ATLANTIC CITY, N.J. -- New Jersey is charging ahead in its effort to offer legalized sports betting despite the presence of some hefty opposition standing between the state and the goal line.
The state said Monday that it could begin issuing licenses for sports betting on Jan. 9, assuming a federal lawsuit filed by the major professional sports leagues and the NCAA can be overcome.
The NCAA announced Monday that it would find new hosts for five championships scheduled to be held in New Jersey next year.
"Maintaining the integrity of sports and protecting student-athlete well-being are at the bedrock of the NCAA's mission, and are reflected in our policies prohibiting the hosting of our championships in states that provide for single game sports wagering," Mark Lewis, NCAA executive vice president of championships and alliances, said in a news release. "Consistent with our policies and beliefs, the law in New Jersey requires that we no longer host championships in the state."
The state Division of Gaming Enforcement published regulations for sports betting on Monday in the New Jersey Register. That clears the way for casinos, horse-racing tracks or joint ventures involving both to apply for $50,000 sports pool licenses.
"With the publication of these regulations, New Jersey ensures effective regulation and oversight of sports wagering, consistent with its longstanding nationwide reputation for maintaining integrity and instilling public confidence in gaming operations," said David Rebuck, the division's director.
But state officials made no mention of the biggest obstacles to their plans to offer legalized sports betting: a federal law banning it in all but four states and a lawsuit in the federal courts between the state and the major professional sports leagues.
The NCAA, Major League Baseball, the National Football League, National Basketball Association and National Hockey League have collectively sued to block New Jersey's sports betting law from taking effect.

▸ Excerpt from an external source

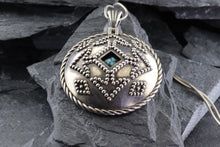 Load image into Gallery viewer, Sterling Silver Native Style Pendant Set With Turquoise, View #2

In response to a question from The Associated Press, Rebuck said the state is proceeding with its plans.
"The Division of Gaming Enforcement will begin processing applications submitted by any interested party seeking licensure," he said. "We are confident that there will be no legal impediments; if the court finds differently, we will consider all of the options before us."
Likewise, state Sen. Raymond Lesniak, one of the leading advocates of sports betting in New Jersey, voiced little concern over the lawsuit, which he said "is not going to deter New Jersey residents from being able to place a bet on their favorite sporting events and enjoy the action at one of Atlantic City's casinos" and the horse tracks.
New Jersey enacted a sports betting law in January 2012, limiting bets to the Atlantic City casinos and the state's four horse-racing tracks. It is seen by supporters as a way to bring new revenue to the struggling casino and racing industries and to reclaim a portion of the billions of untaxed dollars flowing to organized crime or offshore gambling operations.
In May, Gov. Chris Christie said New Jersey would forge ahead with its sports betting law despite the federal ban on it here. The governor said he expected to be sued over the plan, and proponents of the state's plan to offer sports betting say a court battle could offer a shortcut to legalizing such bets in New Jersey rather than relying on a polarized Congress to repeal the federal ban.
New Jersey says about $380 billion a year is wagered illegally on sporting events and argues in its court filings that such gambling has not and will not damage the integrity of the major sports leagues, as the leagues have claimed.
The leagues also note that although New Jersey claims there would be no harm from allowing gambling on college games, New Jersey's plan would prohibit betting on games involving New Jersey college teams or teams from other states that are played in New Jersey.
The federal law at the heart of the dispute, the Professional and Amateur Sports Protection Act, carved out special exemptions for Nevada and three other states that had legalized sports betting before a 1991 deadline _ Delaware, Oregon and Montana.
Sports betting is just one of several new gambling options New Jersey is seeking to offer as the 12 Atlantic City casinos continue to struggle with fierce and ever-growing competition from casinos in neighboring states. New Jersey also is moving toward allowing in-state Internet gambling, though Christie has expressed reservations about its legality and has already vetoed one such bill.
The state is allowing the use of hand-held mobile gambling devices at the casinos and is moving quickly toward granting the same permission at horse tracks.